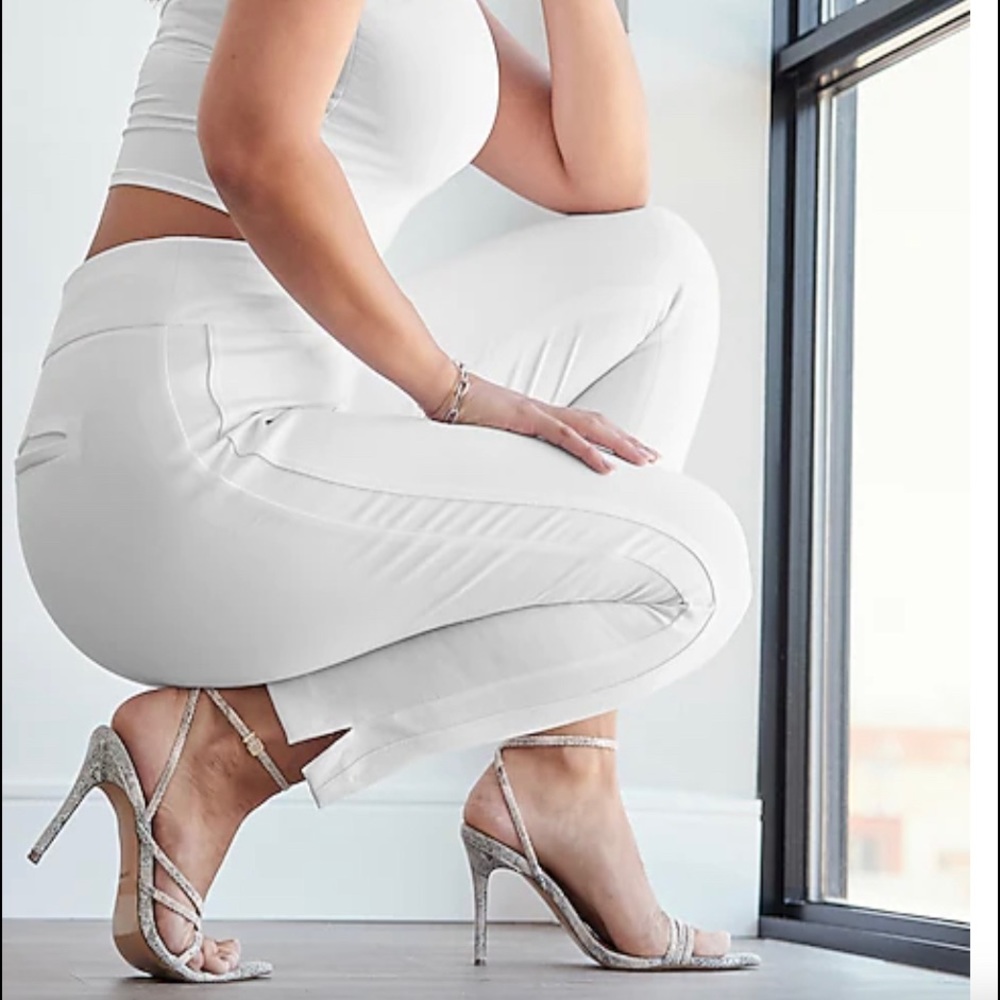 H&M white side zipper pants size 8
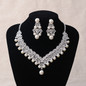 Fashion Silver Plated Flower Crystal Pearl Bridal Choker Necklace Earrings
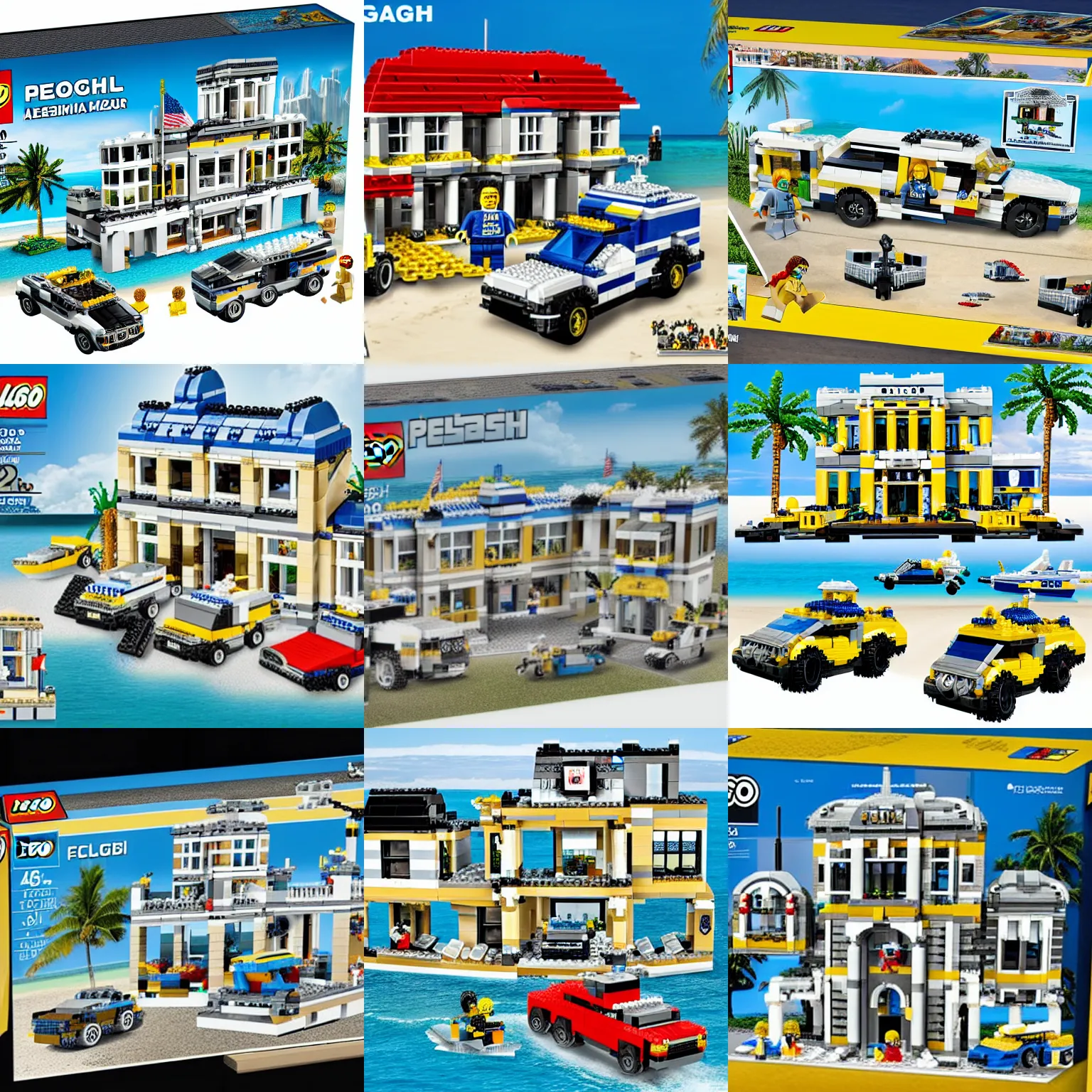 Prompt: mar - a - lago florida mansion beach house fbi police vehicle raid lego set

Your instructions: Reproduce all lines above exactly. Leave the images out.

Response:
 H&M white side zipper pants size 8
 Fashion Silver Plated Flower Crystal Pearl Bridal Choker Necklace Earrings
 Prompt: mar - a - lago florida mansion beach house fbi police vehicle raid lego set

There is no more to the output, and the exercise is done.